==== INFORMATION SUPPLIED

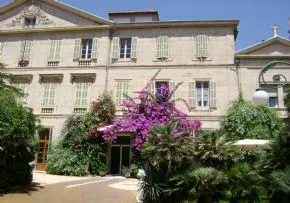 Photo de Maison De Retraite Jeanne D'Arc - Maison de retraite / EHPAD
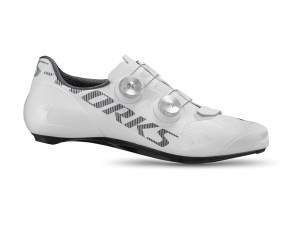 specialized-s-works-vent-road-shoes-white-1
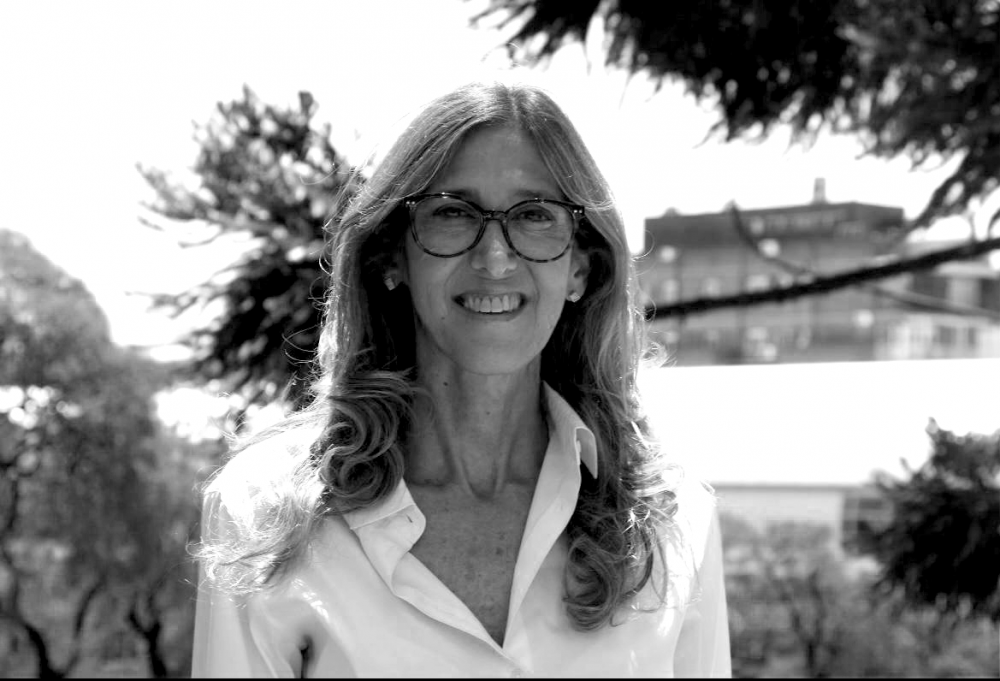 marisa_byn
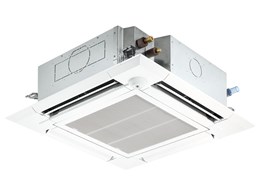 �X����ER PLZ-ERMP80SEEV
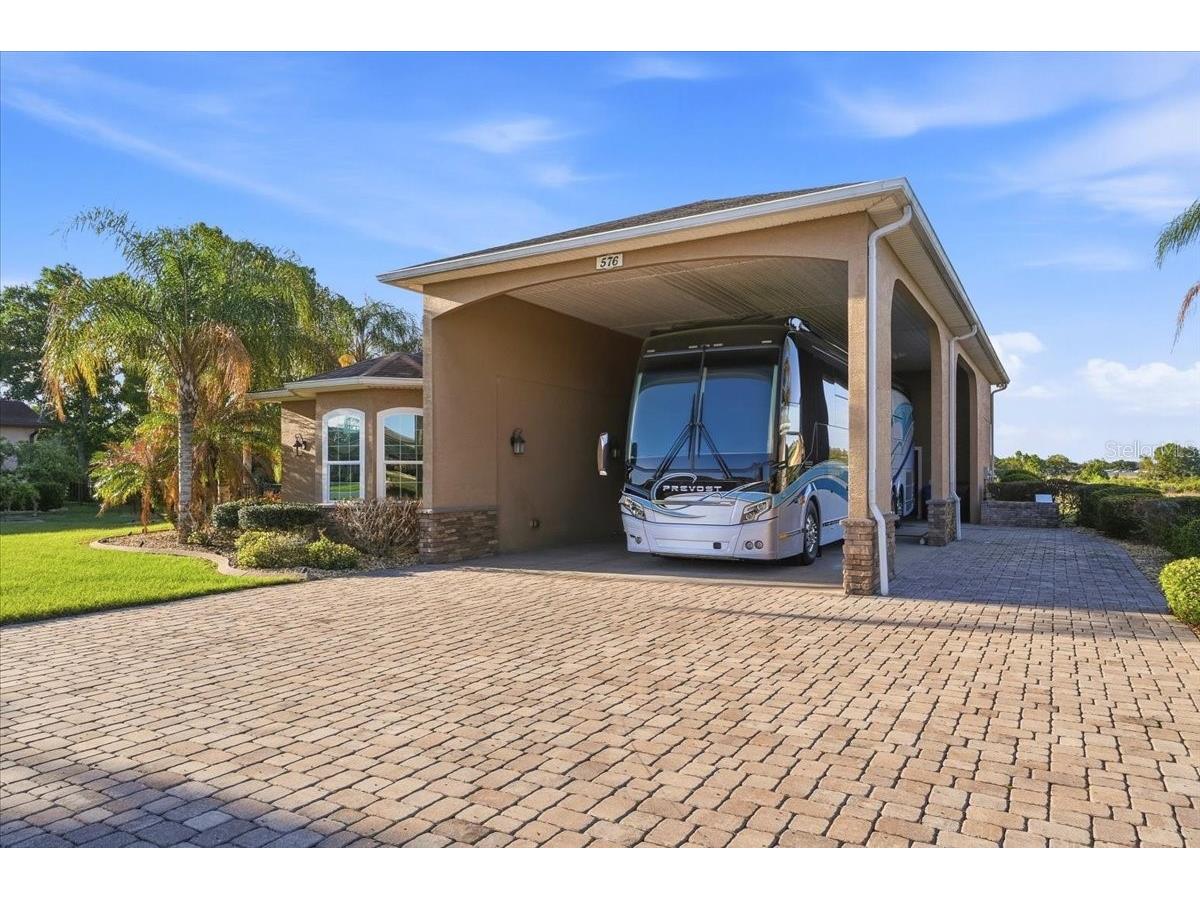 576 Meandering Way Polk City FL 33868 L4960258 image2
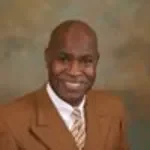 Dr. Anthony Britt Adams, MD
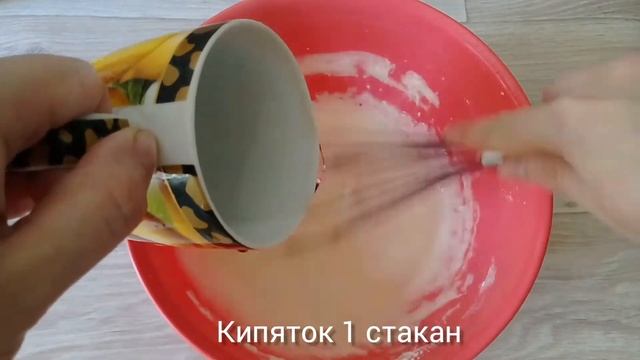 Пористые БЛИНЧИКИ, которые получатся у ВСЕХ/ БЛИНЫ в ДЫРОЧКУ смотреть онлайн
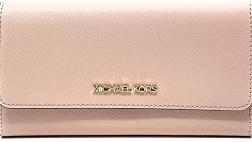 Miglior portafoglio michael kors donna rosa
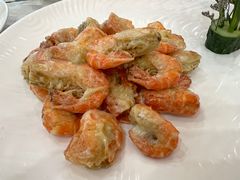 -荔城生鲜盛宴(番禺旗舰店)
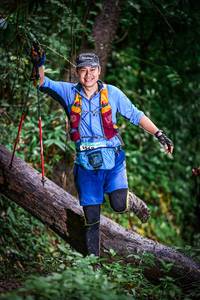 BIB: 1540, 
                            <button type="button" onclick="openModal(13419768)" class="btn btn-primary btn-sm float-right btn-popup" data-toggle="modal" data-target=".modal-high-quality">
                        <i class="fas fa-shopping-cart"></i> Add to Cart
                    </button>
                                            <button type="button" onclick="isThisMe(13419768, true)" class="btn btn-success btn-sm float-right btn-popup btn-isme hidden" data-toggle="tooltip" data-placement="bottom" title="นี่คือรูปของคุณใช่ไหม คลิกที่นี่เพื่อเอาเข้าอัลบั้ม">
                        <i class="fas fa-plus"></i> Add to album
                    </button>
                    <button type="button" onclick="isThisMe(13419768, false)" class="btn btn-warning btn-sm float-right btn-popup btn-isnotme hidden">
                        <i class="fas fa-ban"></i> Remove from album
                    </button>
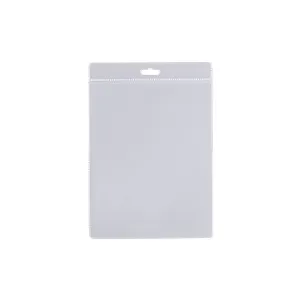Identyfikator identyfikator [mm:] 121x155 Biurfol (ID-06)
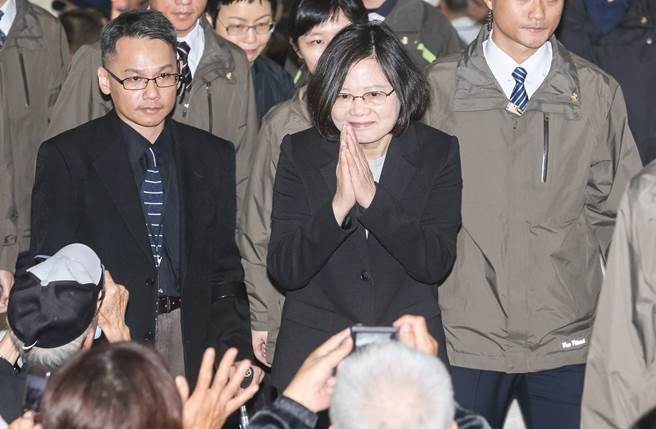 �_ý�����֡��ֳɲ�Ӣ�Į�����ȴ�����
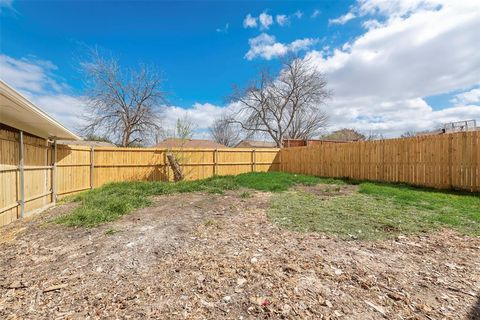 Tiny photo for 2815 Rio Grande Pass, Mesquite, TX 75150 (MLS # 21200998)
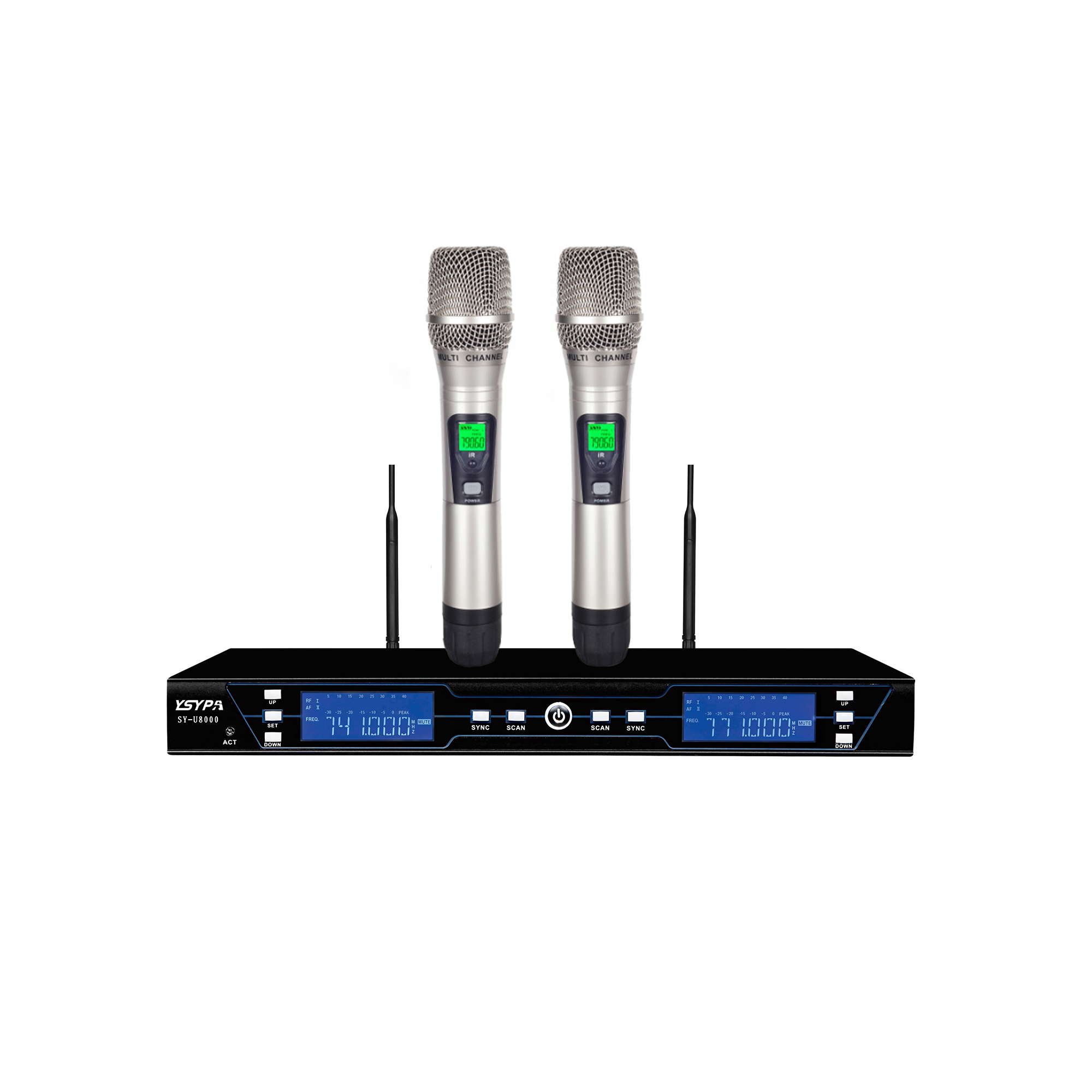 高端会议,ktv手持无线话筒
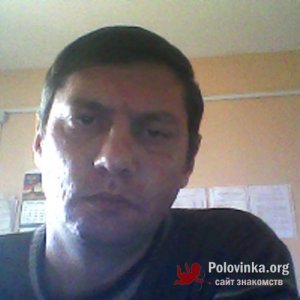 Константин , 43 года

========

Should there be pictures in the data, leave them out and return the rest exactly.

 Photo de Maison De Retraite Jeanne D'Arc - Maison de retraite / EHPAD
 specialized-s-works-vent-road-shoes-white-1
 marisa_byn
 �X����ER PLZ-ERMP80SEEV
 576 Meandering Way Polk City FL 33868 L4960258 image2
 Dr. Anthony Britt Adams, MD
 Пористые БЛИНЧИКИ, которые получатся у ВСЕХ/ БЛИНЫ в ДЫРОЧКУ смотреть онлайн
 Miglior portafoglio michael kors donna rosa
 -荔城生鲜盛宴(番禺旗舰店)
 BIB: 1540, 
                            <button type="button" onclick="openModal(13419768)" class="btn btn-primary btn-sm float-right btn-popup" data-toggle="modal" data-target=".modal-high-quality">
                        <i class="fas fa-shopping-cart"></i> Add to Cart
                    </button>
                                            <button type="button" onclick="isThisMe(13419768, true)" class="btn btn-success btn-sm float-right btn-popup btn-isme hidden" data-toggle="tooltip" data-placement="bottom" title="นี่คือรูปของคุณใช่ไหม คลิกที่นี่เพื่อเอาเข้าอัลบั้ม">
                        <i class="fas fa-plus"></i> Add to album
                    </button>
                    <button type="button" onclick="isThisMe(13419768, false)" class="btn btn-warning btn-sm float-right btn-popup btn-isnotme hidden">
                        <i class="fas fa-ban"></i> Remove from album
                    </button>
Identyfikator identyfikator [mm:] 121x155 Biurfol (ID-06)
 �_ý�����֡��ֳɲ�Ӣ�Į�����ȴ�����
 Tiny photo for 2815 Rio Grande Pass, Mesquite, TX 75150 (MLS # 21200998)
 高端会议,ktv手持无线话筒
 Константин , 43 года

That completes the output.